Now remember, Marolt is from Aspen. He has never lived anywhere else. Therefore, his limited worldview and frame of reference are exceedingly narrow. He is obsessed with nostalgia and wants nothing more than for Aspen to return to what it was half a century ago. Lamenting that Aspen has become a resort and is no longer what he considers “a town,” Marolt believes that to make Aspen a “real town” again, we need to “get rid of second homeowners.”
He also believes “a real town has more than half its residential units occupied by people who work in town.” But he neglects to identify just what kind of “work” qualifies. I assume he means people who live in subsidized housing. He probably thinks all those folks actually “work in town.” (They don’t.)
Marolt is clearly confused. He has wrongly placed blame for the negative impacts of recent growth squarely on our visitors. I get it, he doesn’t like that our roads are clogged with workers who drive in every day and is frustrated by what he hears about businesses desperate for employees. But he wrongly assumes the Highway 82 road warriors are coming solely to service tourists and second homeowners. He ignores the fact that the more full-time residents we subsidize, the more nurses and doctors and teachers and police and waiters and bartenders we need on a 24/7/365 basis. The system is stressed. I can’t argue there. But we also can’t ignore the dramatic impacts of massive growth of our full-time population, including in the subsidized housing ranks, which are far greater than seasonal tourism. In short, the problem is us.
2A passed. But despite its projected revenue stream, we have zero plans to house actual workers. Instead, we’re building subsidized two- and three-bedroom units, to be filled with full-time families who will place even more demand for services on the community and resort workforce without participating in either. Everyone knows, once in the APCHA system, it’s time to “work remote” for a better paycheck and the purchasing power for that second home in Moab or Palm Springs or France to rent out as an income-producing STR. (How ironic.)
So, as we lambaste and heavily tax a critical segment of our tourism economy ostensibly to return Aspen to the locals, will this actually save us? Hardly. We have become so distracted by our labor shortage that we’ve justified a punitive money-grab to build more housing for the wrong people. And somehow, we try to convince ourselves that this growth isn’t growth at all. Only visitors and tourists cause that.
Whether we are a town or a resort is not what we should be focused on. (Can’t we be both?) Nor should we be intentionally crippling our economic engine.
The fact is, demand for subsidized housing in Aspen is essentially unlimited, as is demand for any valuable good provided at a price far lower than its free market equivalent. We should acknowledge that our economy relies on tourism, and embrace it. Then focus on what that economy needs - workers – not what the end users of subsidized housing want. In a free market system, we are programmed to prioritize demand from the consumer perspective, but our housing program is not the free market so the consumer demand approach is all wrong. We have been focused entirely on households desiring subsidized housing, not services requiring workers. This is precisely why we are not housing enough of them.

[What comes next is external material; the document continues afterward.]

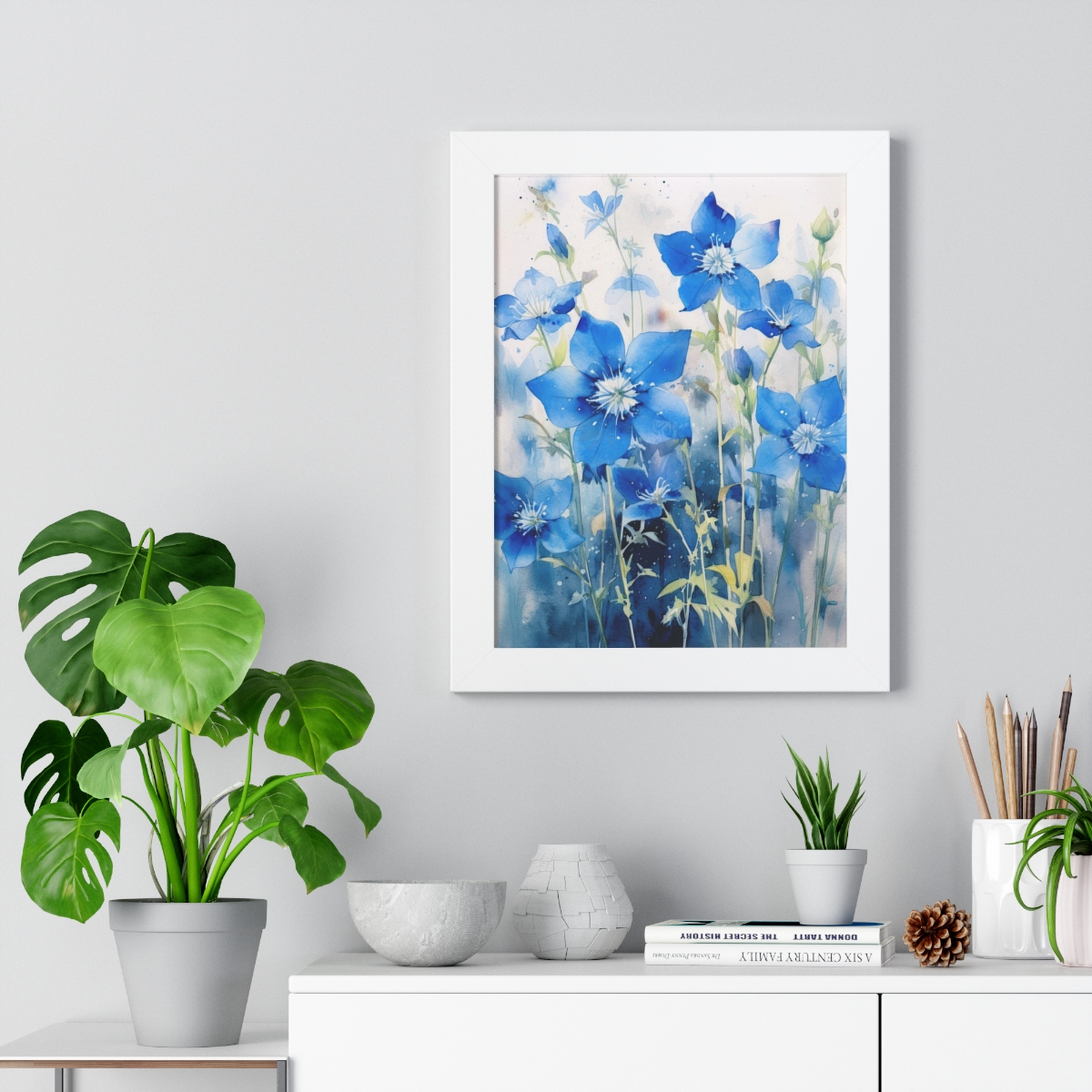 Blue Botanical Wild Flower Wall Art, Watercolor Print | Framed Vertical Poster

We have a labor shortage, not a housing one. Instead of trying to house the workers we actually need, we are housing people who simply want to live in Aspen affordably. They are not the same. And all growth is growth, the impacts of which are bad for everyone. Acknowledging this is what will really save our town.
Then we can focus on our actual customers: the visitors who make it all possible.
Marolt is clearly angry and frustrated, but his ire is misdirected. It’s time to get our priorities straight. The last time Aspen was only a town and not a resort, it was the 1930s, and it was a ghost town. Careful what you wish for.